To illustrate how the Atlantic Council and its loyal minions (members routinely move in and out of the State Department, Defense Department, National Security Council, White House, etc.) reverse the threat that exists in relation to Russia, see this from a recent article on its site on the occasion of the tenth anniversary of Georgia’s invasion of South Ossetia and the resultant war with Russia:

Exactly ten years ago, Russian forces attacked Georgia, bringing to a violent end a nearly two-decade long advance of a Europe whole and free. In the wake of NATO’s failure to agree on how to advance the membership aspirations of Georgia and Ukraine at its Bucharest Summit months earlier, Moscow acted to block those prospects with its invasion. Moscow’s actions in Georgia ten years ago previewed its far deadlier attacks on Ukraine, which continue today.

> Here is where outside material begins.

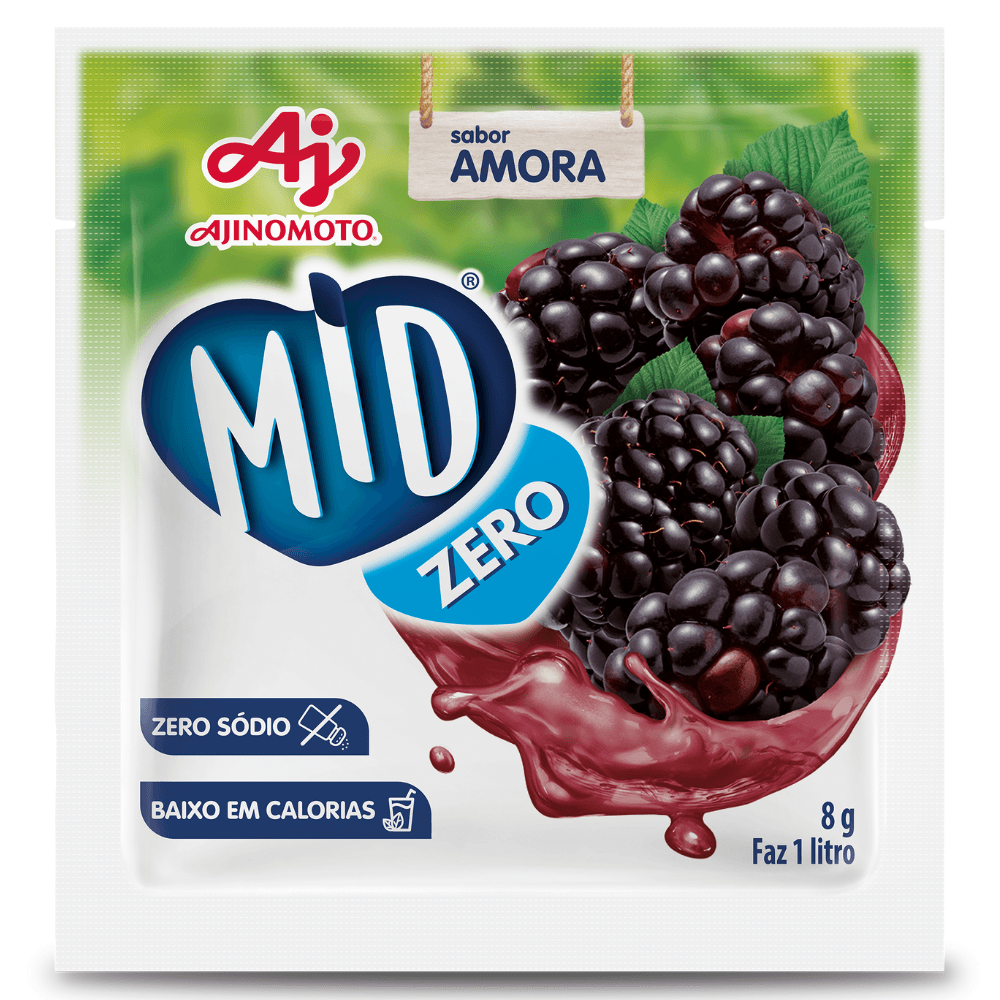 Refresco Em Pó Mid® Zero Açúcar Sabor Amora 8G - Image 1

Ten years on, the NATO Summit in Brussels July 11-12 offers the prospect of reversing the shortcomings of Bucharest and restoring momentum to NATO’s Open Door policy.

That is, bring Georgia and Ukraine into NATO as full member states and court a US-Russia war with all that would entail.

The homepage of the site features a tribute to John McCain with these words of his on the occasion of receiving its annual Freedom Award in 2011 with which he adds Belarus to the list:

I also want to pay tribute to my fellow honorees here tonight for the contribution they have made to the success of freedom – from here in Poland, to neighboring Belarus, to farther away in Egypt. These champions of liberty are the defenders, supporters, and authors of peaceful democratic revolutions – both those that have been successfully made and those, as in Belarus, that have yet to come, but surely will…

It’s more than American elections that the Atlantic Council and its social media partners intend to influence.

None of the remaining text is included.